New regs for Friday: Sports blackouts, railroad safety, radioactive waste disposal

Friday's edition of the Federal Register contains new rules for sports blackouts, railroad safety, and radioactive waste disposal.

Here's what is happening:

Sports blackouts: The Federal Communications Commission is looking for more information as it considers whether to eliminate the sports blackout rule. Earlier this month, the NFL was nearly forced to black out three playoff games in Green Bay, Indianapolis and Cincinnati. The FCC announced in December that it was considering such a move. The public has one month to submit comments.

Railroad: The Federal Railroad Administration is strengthening track safety standards so that rail defects can be more easily detected before they cause a train wreck. This comes after several high-profile train crashes around the country. The rules go into effect in two months. 

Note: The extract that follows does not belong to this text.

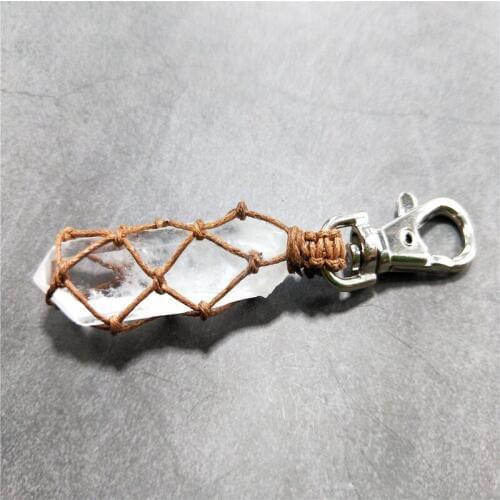 Natural Stone Keychains Irregular Braid Crystal Column Pendant for DIY Car Key Rings Chains Pendant Key Chain Women New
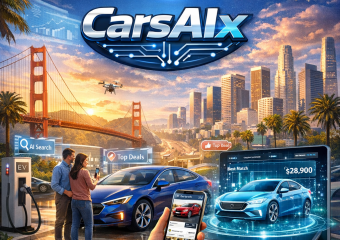 A digital illustration of a person using a virtual reality headset to view cars with the CarsAIx logo above and California ci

Radioactive waste: The U.S. Nuclear Regulatory Commission is considering changes to low-level radioactive waste disposal regulations. The commission will hold a public workshop to discuss changes to how companies dispose of radioactive material.

Mail: The U.S. Postal Service is postponing new service standards for overnight first-class mail and other market-dominant products that were supposed to go into effect in February.

The USPS has been considering consolidating its network because of a decline in business, but such a move could slow down delivery times and service standards. So the USPS must change service standards for its first-class mail before it can do so.

Automated trading: The Commodity Futures Trading Commission is taking more time to consider new risk controls and system safeguards for automated trading.

The CFTC announced last fall that it was looking into new rules for Wall Street companies, as the industry moves from human-centered to automated trading environments.

The new rules could include pre-trade and post-trade risk measures. But the deadline passed in December, so the agency is reopening the public comment period through Feb. 14.